Large Language Models (LLMs) have demonstrated remarkable performance across
a wide range of applications, e.g., medical question-answering, mathematical
sciences, and code generation. However, they also exhibit inherent limitations,
such as outdated knowledge and susceptibility to hallucinations.
Retrieval-Augmented Generation (RAG) has emerged as a promising paradigm to
address these issues, but it also introduces new vulnerabilities. Recent
efforts have focused on the security of RAG-based LLMs, yet existing attack
methods face three critical challenges: (1) their effectiveness declines
sharply when only a limited number of poisoned texts can be injected into the
knowledge database, (2) they lack sufficient stealth, as the attacks are often
detectable by anomaly detection systems, which compromises their effectiveness,
and (3) they rely on heuristic approaches to generate poisoned texts, lacking
formal optimization frameworks and theoretic guarantees, which limits their
effectiveness and applicability. To address these issues, we propose
coordinated Prompt-RAG attack (PR-attack), a novel optimization-driven attack
that introduces a small number of poisoned texts into the knowledge database
while embedding a backdoor trigger within the prompt. When activated, the
trigger causes the LLM to generate pre-designed responses to targeted queries,
while maintaining normal behavior in other contexts.
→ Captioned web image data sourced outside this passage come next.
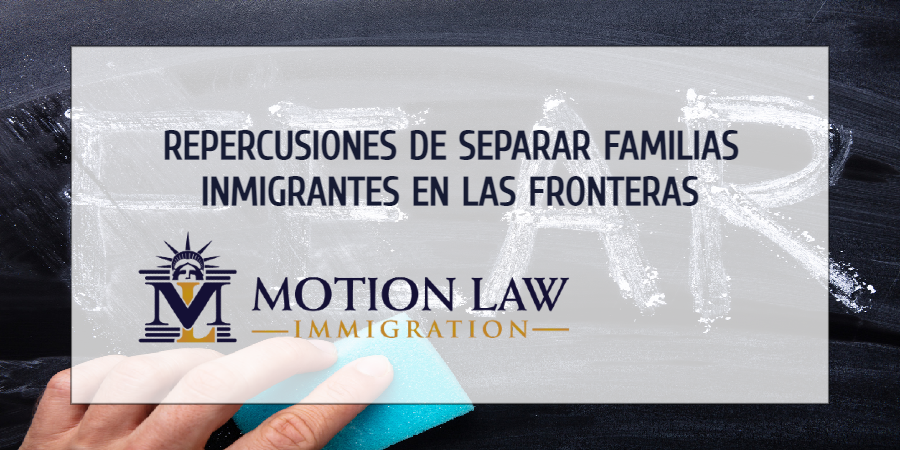 La separación de familias inmigrantes deja secuelas de por vida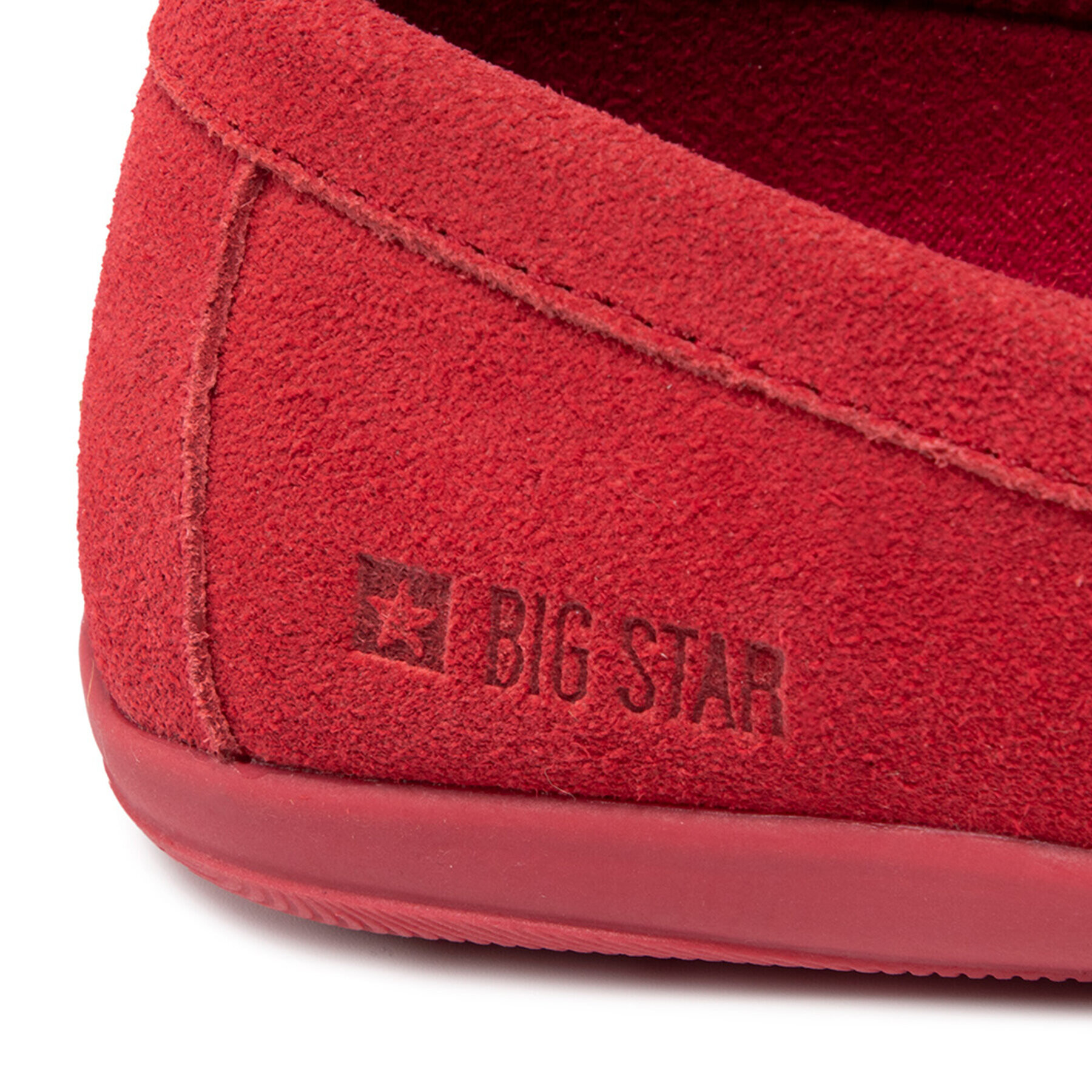 Big Star Shoes Мокасини HH274668 Червен - Pepit.bg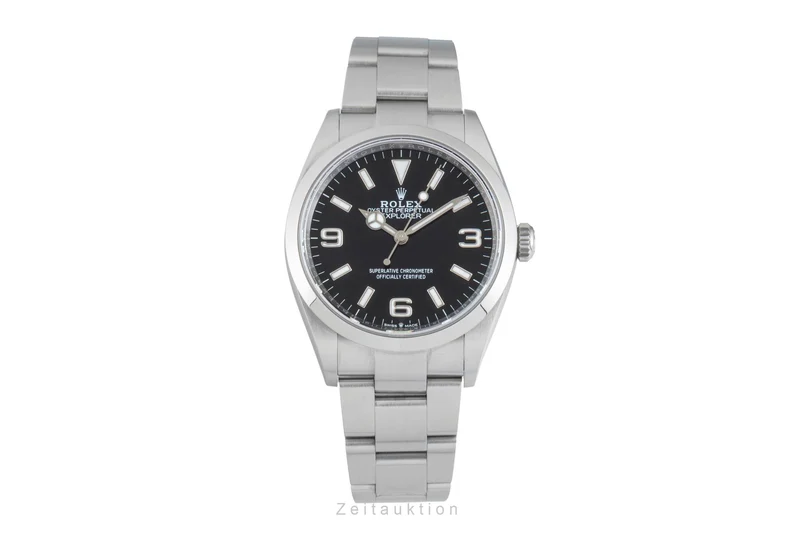 Rolex Explorer steel automatic men's watch 124270 [2602661]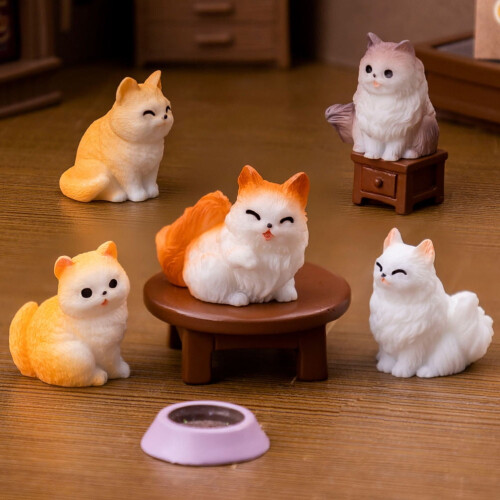 KALLORY kattfigur i resin, liten, 12 st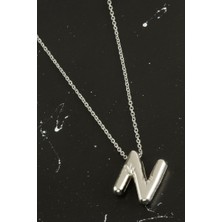 Zero Land Matrixzn N Harfli Balon Kolye - Gümüş Rengi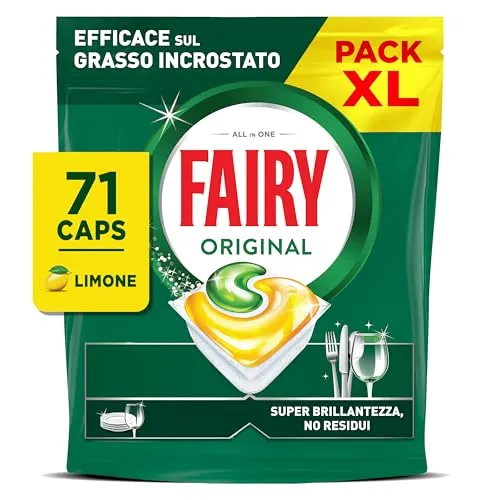 Fairy Original Pastiglie Lavastoviglie 100 Caps Limone Sgrassante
This ensures both high
effectiveness and stealth. We formulate the attack generation process as a
bilevel optimization problem leveraging a principled optimization framework to
develop optimal poisoned texts and triggers. Extensive experiments across
diverse LLMs and datasets demonstrate the effectiveness of PR-Attack, achieving
a high attack success rate even with a limited number of poisoned texts and
significantly improved stealth compared to existing methods.